Let $L/K$ be finite extension of number fields with $O_K \to O_L$ the induced map of rings of integers. Let pick a prime $\frak{p}$ $ \subset O_K$ and a prime $\frak{P}$ $ \subset O_L$ lying over $\frak{p}$, and let complete $L/K$ with respect to valuations associated to these primes, so consider now the associated finite extension $L_w/K_v$ of local fields with valuations $v,w$ where latter extends the former.
We consider the local ramification behavior of $L_w/K_v$. Assume $L_w/K_v$ is ramified, ie $e_{L_w/K_v} >1$.
In this question I was wondering if it is possible to perform an appropriate "base change" $K \to M$ in order to "resolve" the ramification at $K_v$ in sense of that there exist an appropriate extension $M$ linearly independent from $L$ (ie $M \otimes_K L \cong ML$) such that the composition $ML /L/K=ML/M/K$ induces tower of local field extensions $(ML)_u/M_t/K_v= (ML)_u/L_w/K_v$ such that $(ML)_u/M_t$ becomes unramified.

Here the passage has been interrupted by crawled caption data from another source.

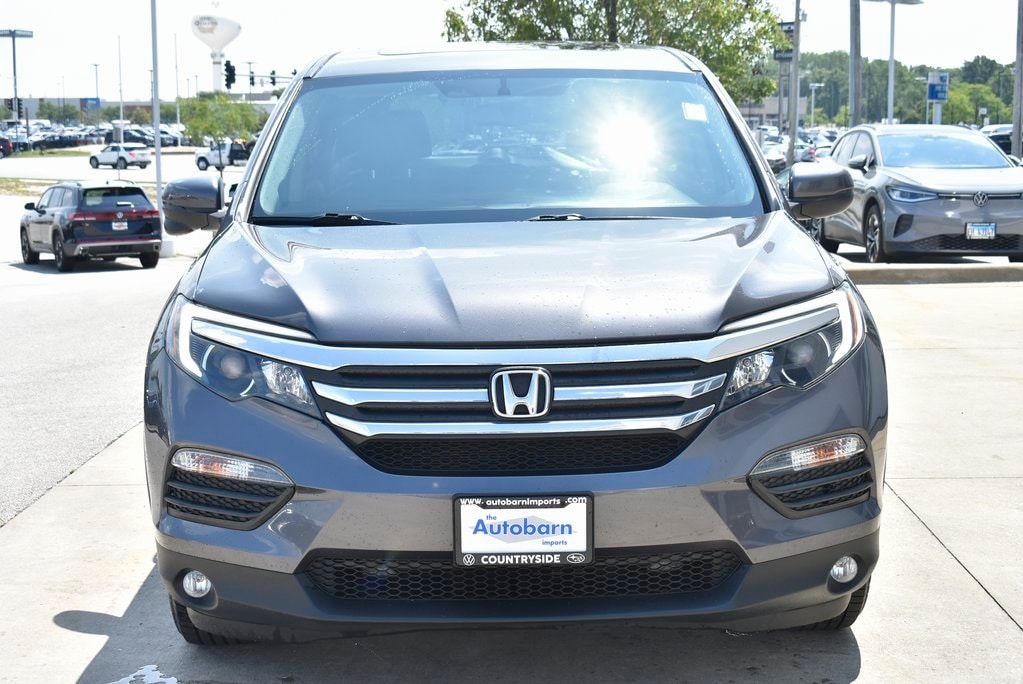 Used 2017 Honda Pilot EX-L with VIN 5FNYF6H58HB085798 for sale in Countryside, IL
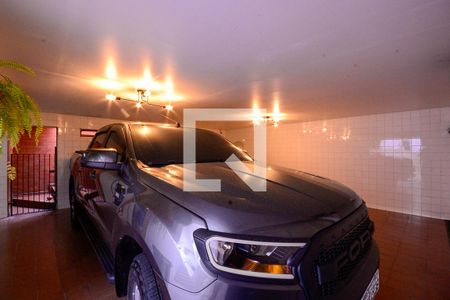 Casa à venda com 600m², 4 quartos e 2 vagas Casa à venda com 600m², 4 quartos e 2 vagasGaragem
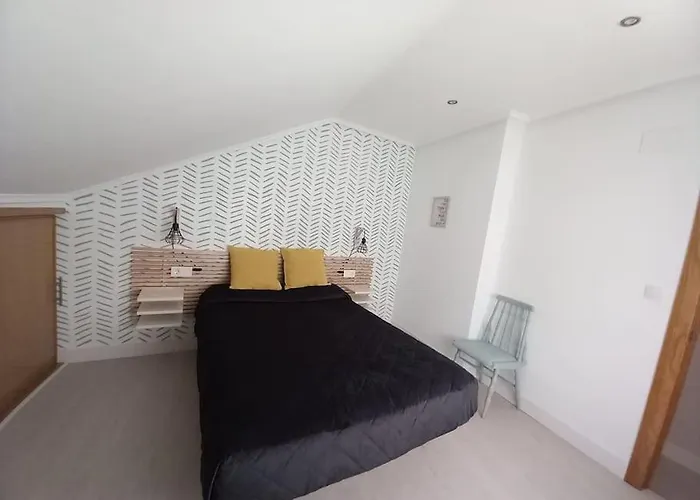 La Buhardillita Laredo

Having Abhyankar's lemma in mind such "resolution" not always exists; it seems that we need to impose additional assumtions on the given ramification; for instance assume that ramification of $L_w/K_v$ is tame.

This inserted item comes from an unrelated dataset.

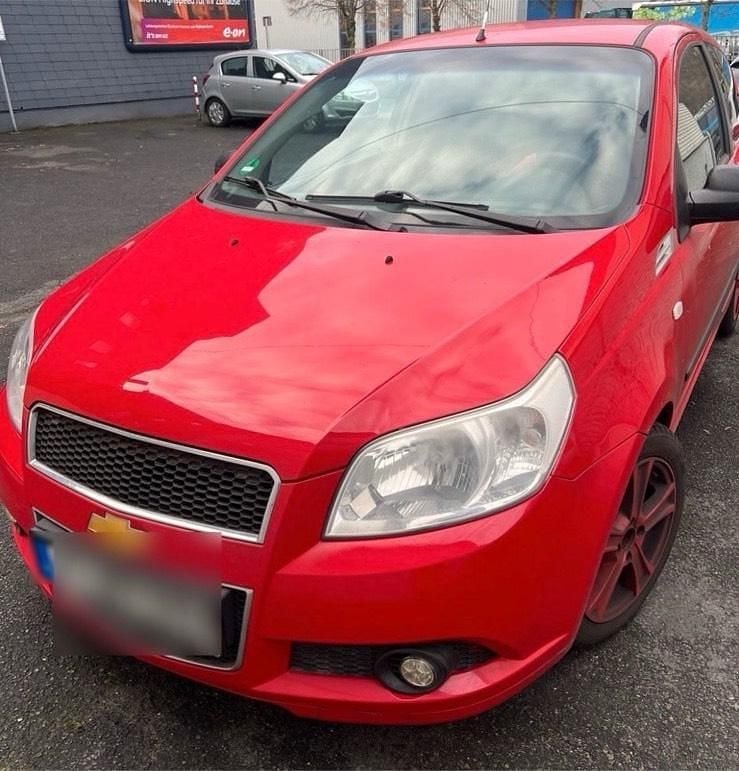 Second-hand Chevrolet Aveo 84 CP (61 kW) 2009 Roșu Hatchback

That was the content of the linked question.
Now this question adresses following point:
In comments below the linked question user1386629 sketched few weeks ago certain argument basing heavily on Chinese reminder theorem (...so far I remember correctly)) to show that one is always able to find infintely many extensions $M/K$ totally disjoint from $L$ (...here I guess he/she meant by "totally disjoint" actually "linealy disjoint", ie satisfying $M \otimes_K L \cong MK$) "resolving" indeed the ramification in $L_w/K_v $ presumably in sense as elaborated above, namely that it give rise to induced composition/"tower" of local extensions $(ML)_u/L_w/K_v= (ML)_u/M_t/K_v$
such that the intermediate extension $M_t/K_v$ "absorbs" fully the ramified part of $L_w/K_v$ in sense of that $M_t/K_v$ contains intermediate extension isomorphic to $L_w/K_v$ and such that $(ML)_u/M_t$ is unramified;
so intuitively that $M_t/K_v$ "absorbs" whole ramifying part from $L_w/K_v$ such "base change" $(ML)_u/M_t$ is unramified.

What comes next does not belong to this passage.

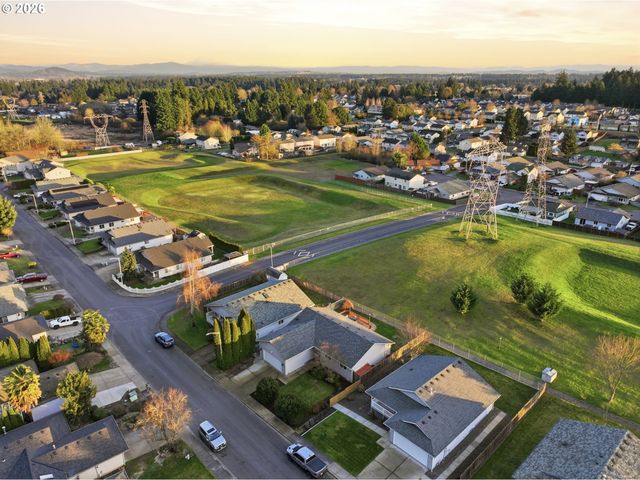 7611 Ne 67TH St, Vancouver, WA 98662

Unfortunately he/she decided to delete the comments adressing this argument shortly before I managed punctually to profoundly ponder about this argument. Does anybody has an idea how to reconstruct this argument user1386629 was refering to? If I remember correctly it was based substantially on Chinese reminder theorem, but can't reconstruct it any more details. Any ideas what kind of argument was presented there?
Edit (added later): I found this and this discussion also very helpful towards the posed question.